The following appeared as the “Letter from the Managing Director” in IDC’s 2018 Annual Review.

IDC is well known for its education and outreach programs—and it’s not hard to see why. Year after year, they provide fund directors with opportunities to hone their craft and connect with one another, equipping them with the tools they need to thrive in their oversight role for the benefit of fund shareholders.

Our advocacy work might be less visible, but it’s no less important. That held especially true in 2018, when a highly productive SEC issued numerous requests for comment, regulatory proposals, and rule amendments affecting the registered fund industry. Where the debates on these initiatives called for the perspective of fund directors, IDC responded with informed commentary and constructive recommendations.

One takeaway from our recent work with the SEC and staff is a marked shift in how they think about fund boards. For years, new tasks piled up with what sometimes felt like little thought about whether they would help directors serve shareholders. Now, the Commission and staff appear to be thinking more deeply about this—and establishing that a task would indeed be a valuable use of directors’ oversight before imposing it on them.

This shift is showing in the SEC’s regulatory work. In 2016, for example, the SEC revised its proposed liquidity risk management rule, seeking to ensure that no responsibilities assigned to boards fell outside their conventional oversight role. And in 2018, the Commission chose not to require boards to take on new responsibilities as a condition for fund sponsors to rely on its proposed ETF rule—rightly noting that an ETF’s compliance program and board oversight of the program is enough to ensure compliance with the ETF’s policies and procedures governing custom baskets.

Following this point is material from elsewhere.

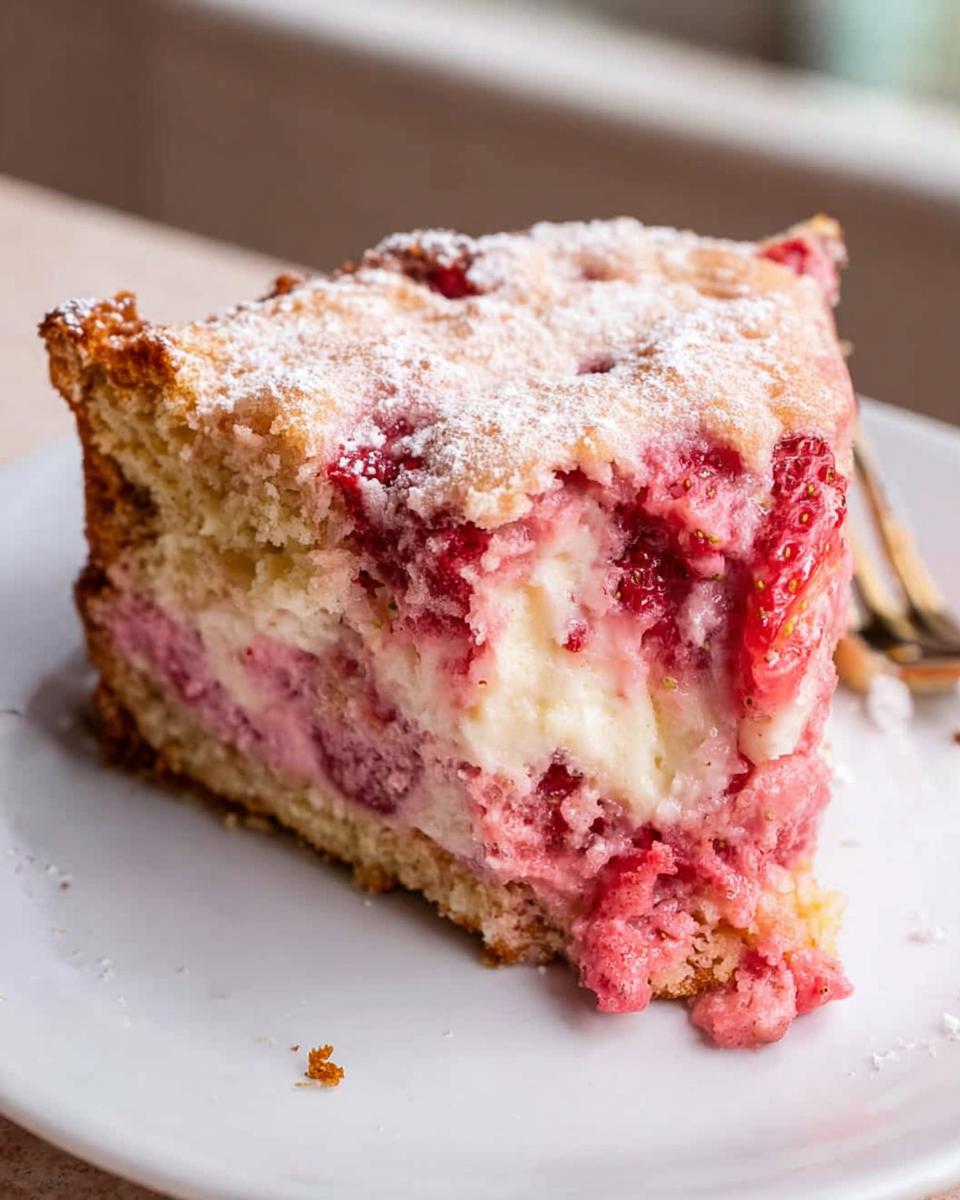 Close-up of a moist slice of Gooey Strawberry Cake showing a creamy center and fresh strawberries, dusted with powdered sugar.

We saw even more evidence at our 2018 Fund Directors Conference—where Dalia Blass, the director of the SEC’s Division of Investment Management, outlined a framework for the division to follow when it considers recommending board involvement as part of a new rulemaking and when it reevaluates existing board responsibilities.

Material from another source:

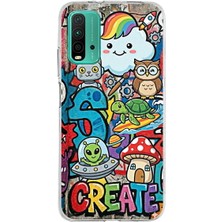 PrintiFy Poco M3 ile Uyumlu Grafiti Create Art Tasarımlı Şeffaf Silikon Kılıf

This framework is a major development. Derived from what the division has learned through its board outreach initiative, the framework consists of factors to consider, including the policy goal of involving boards in a regulatory action, the level of involvement a board should have, and consistency with boards’ oversight role. The division’s recent no-action letter on board oversight of certain affiliated transactions reflects the principles of the framework.

Credit the SEC and staff for their commitment to modernizing the responsibilities imposed on fund boards. IDC has long engaged in dialogue with them about how best to tackle this enormous undertaking, and I’m pleased that we’re beginning to see the fruits of our labor.

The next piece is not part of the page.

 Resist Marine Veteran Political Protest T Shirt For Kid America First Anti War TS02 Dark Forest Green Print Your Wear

The fund director community can feel good about the progress we’ve seen here—and the regulatory outlook for the near term. Still, as those who’ve served on fund boards long enough know, outlooks are by no means guarantees—so IDC will be working hard to build on this progress in 2019. Thanks to the enduring support of directors throughout the country, I have every confidence we’ll be able to do just that.

Amy Lancellotta was Managing Director of the Independent Directors Council (IDC).